• [WHAT YOU HAVE TO DO]: Here is the task for the records below: repeat exactly the lines from the one with "ortodoncia invisible" to the one with "Igor Severino suspended", both included, and nothing else.

━━━━━━━━━━━━━━━━━━━━━━━━━━━━━━

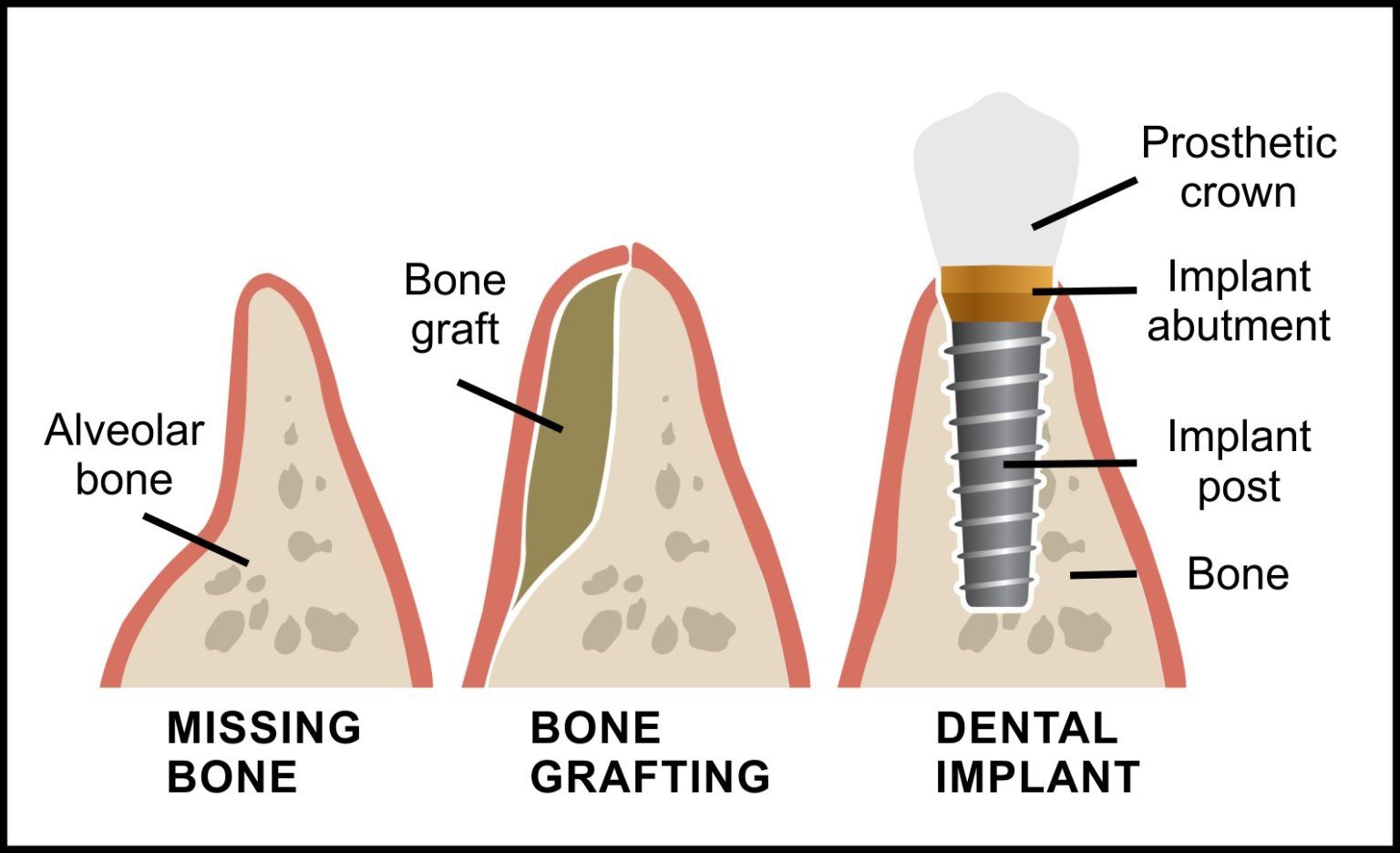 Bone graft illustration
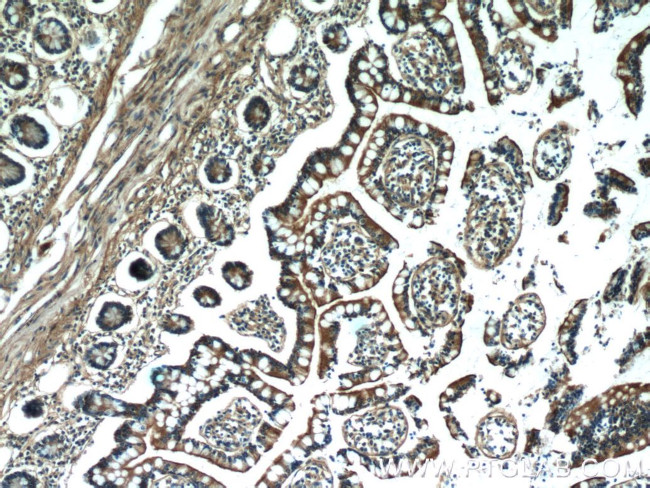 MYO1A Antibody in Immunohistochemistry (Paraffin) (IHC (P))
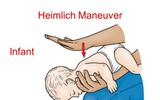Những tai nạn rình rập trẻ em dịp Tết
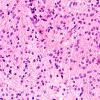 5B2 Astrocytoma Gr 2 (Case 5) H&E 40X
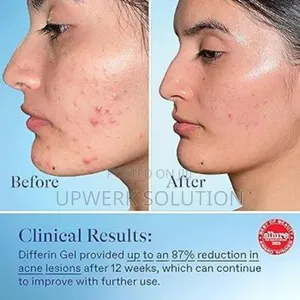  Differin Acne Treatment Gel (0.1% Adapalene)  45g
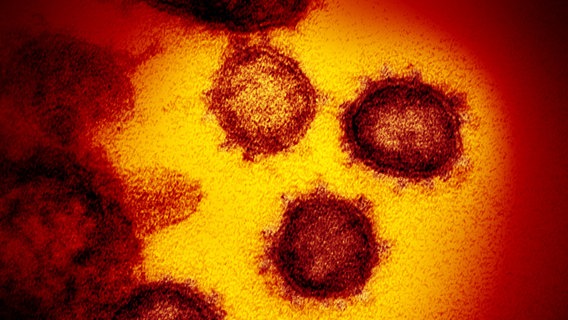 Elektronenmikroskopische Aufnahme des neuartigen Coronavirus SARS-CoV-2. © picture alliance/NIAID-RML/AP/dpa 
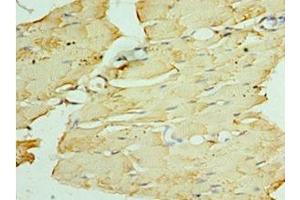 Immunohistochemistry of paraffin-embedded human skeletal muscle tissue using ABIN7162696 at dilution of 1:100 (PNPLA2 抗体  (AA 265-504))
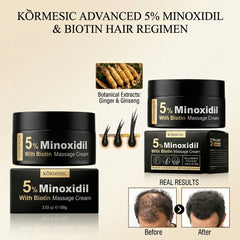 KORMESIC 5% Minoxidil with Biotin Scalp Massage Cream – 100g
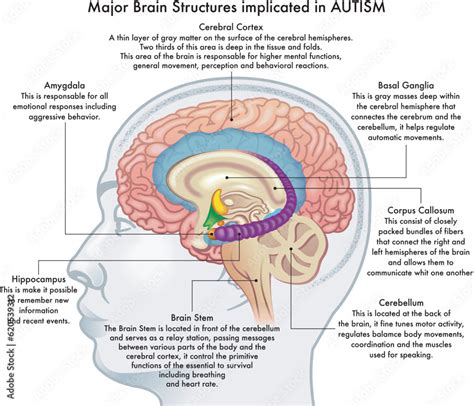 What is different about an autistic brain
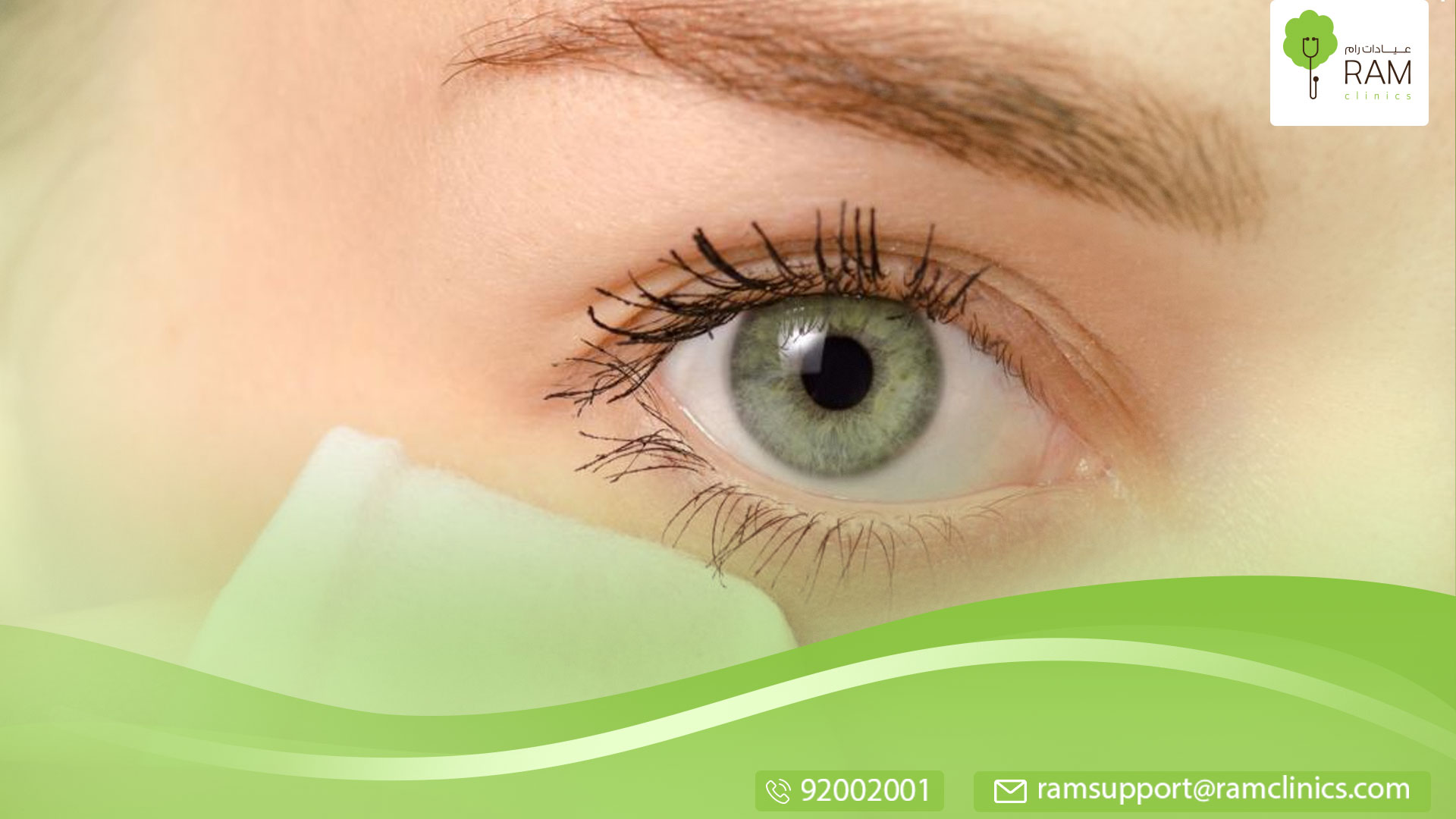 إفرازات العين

━━━━━━━━━━━━━━━━━━━━━━━━━━━━━━

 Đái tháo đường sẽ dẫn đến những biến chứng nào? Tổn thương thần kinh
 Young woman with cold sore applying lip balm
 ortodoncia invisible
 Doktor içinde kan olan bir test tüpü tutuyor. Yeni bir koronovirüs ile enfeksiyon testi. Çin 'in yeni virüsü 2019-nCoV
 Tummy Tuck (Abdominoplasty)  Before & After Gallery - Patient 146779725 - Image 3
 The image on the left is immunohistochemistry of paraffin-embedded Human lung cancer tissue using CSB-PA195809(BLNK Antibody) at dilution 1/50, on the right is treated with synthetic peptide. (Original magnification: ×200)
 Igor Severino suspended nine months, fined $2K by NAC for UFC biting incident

━━━━━━━━━━━━━━━━━━━━━━━━━━━━━━

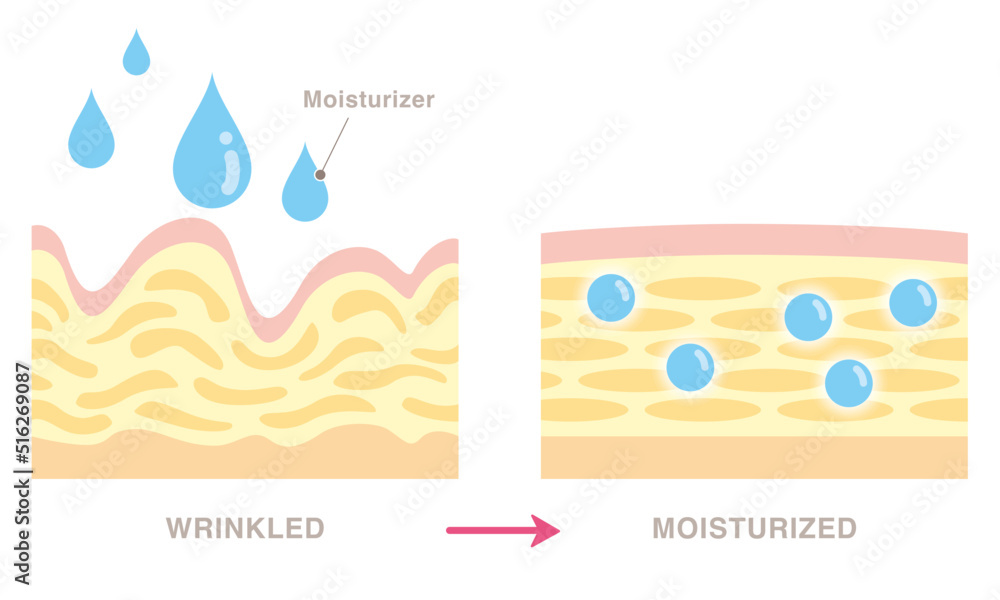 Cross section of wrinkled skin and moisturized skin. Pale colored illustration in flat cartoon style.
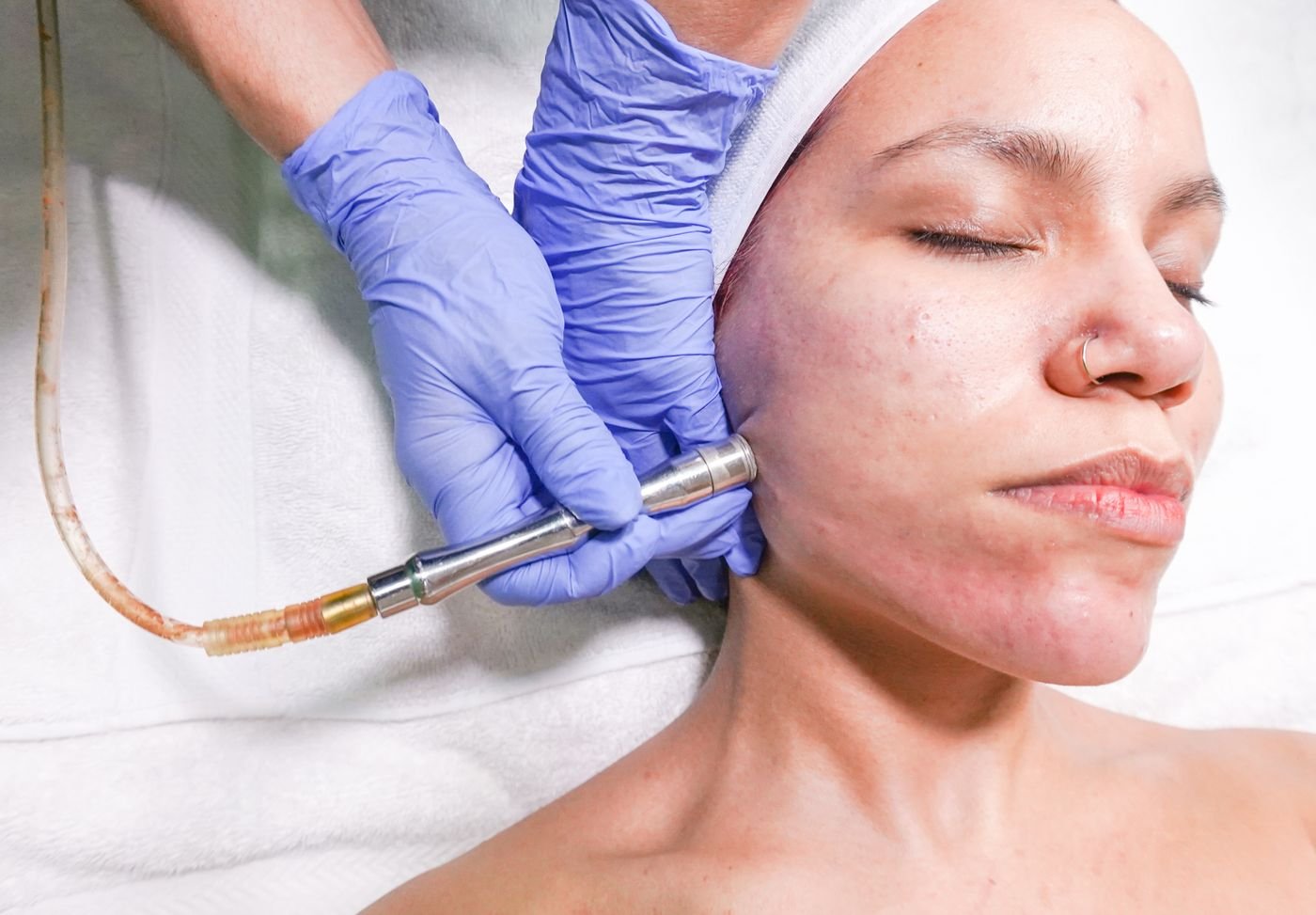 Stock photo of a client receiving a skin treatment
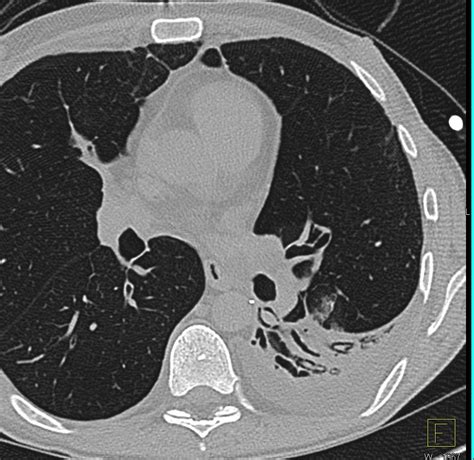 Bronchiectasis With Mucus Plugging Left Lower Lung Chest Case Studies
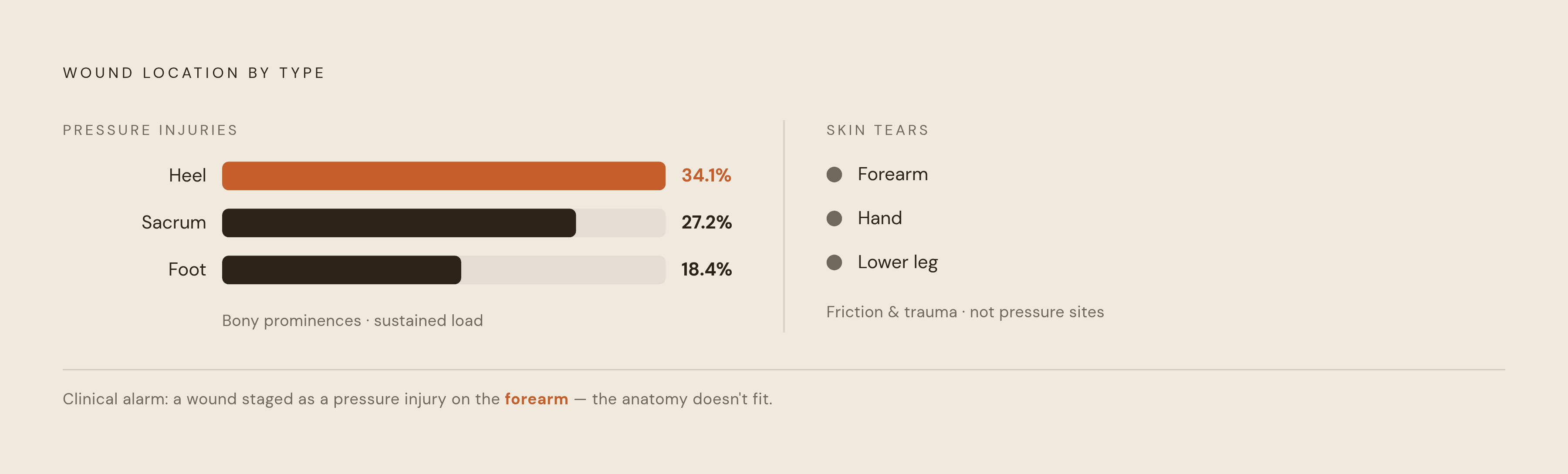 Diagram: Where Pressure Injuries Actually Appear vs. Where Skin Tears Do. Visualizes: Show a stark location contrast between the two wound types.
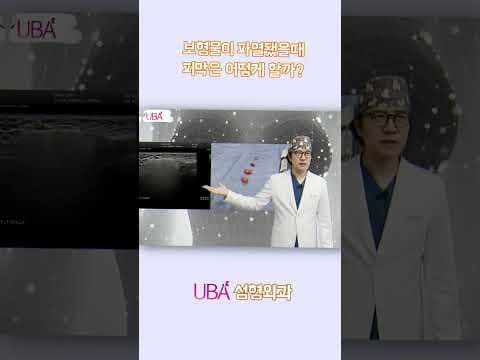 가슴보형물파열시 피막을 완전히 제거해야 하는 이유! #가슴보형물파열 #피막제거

━━━━━━━━━━━━━━━━━━━━━━━━━━━━━━

• [ANSWER TO THIS TASK]:
 ortodoncia invisible
 Doktor içinde kan olan bir test tüpü tutuyor. Yeni bir koronovirüs ile enfeksiyon testi. Çin 'in yeni virüsü 2019-nCoV
 Tummy Tuck (Abdominoplasty)  Before & After Gallery - Patient 146779725 - Image 3
 The image on the left is immunohistochemistry of paraffin-embedded Human lung cancer tissue using CSB-PA195809(BLNK Antibody) at dilution 1/50, on the right is treated with synthetic peptide. (Original magnification: ×200)
 Igor Severino suspended nine months, fined $2K by NAC for UFC biting incident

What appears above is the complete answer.